The Alabama Organizing Project, a unique statewide collaboration of six groups, is now recruiting for its 2012 Grassroots Leadership Development (GLD) class. In 2011 we graduated 18 emerging leaders from across the state, representing diverse communities and constituencies. They learned to build together and shared information and strategies on key issues like tax and immigration reform. Now we are looking for members to join our class of 2012. Are you interested in working with others to build statewide capacity and momentum for progressive change? Could you use our trainings to move your community forward? Do you have what it takes to represent the next generation of leadership for Alabama?

Essential Training for Leadership

"As a result of this training, I am now visible in my community, elected officials know I am there, and people are calling me to express their concerns on upcoming issues.”

“It is great to be in the presence of individuals who are passionate about the work they are doing. It is an affirmation for me that I am not alone and my work is not and will not be in vain.”

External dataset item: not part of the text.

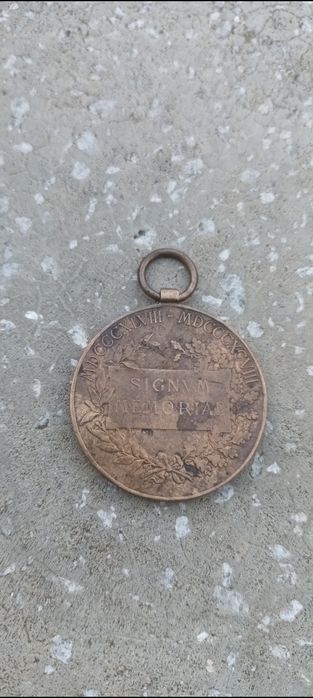 Medalie veche din Bronz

Collaboration for Social Change

For fifteen years, the Alabama Organizing Project (AOP) has been training the future leaders of Alabama to speak out and educate others for social justice. AOP assists organizations in the state to work collaboratively in empowering their constituents – many of whom are low income people – to find policy, program and developmental solutions to problems of poverty in a state where democratic empowerment has historically been frustrated by racial, economic and social fragmentation.

Alabama Comes Together

AOP is a unique collaboration of six organizations: Arise Citizens’ Policy Project, the Alabama Coalition Against Hunger, the Federation of Child Care Centers of Alabama, the Federation of Southern Cooperatives, Greater Birmingham Ministries and the Hispanic Interest Coalition of Alabama. AOP organizations work together to build statewide organizing capacity while extending their own networks and supporting their own agendas.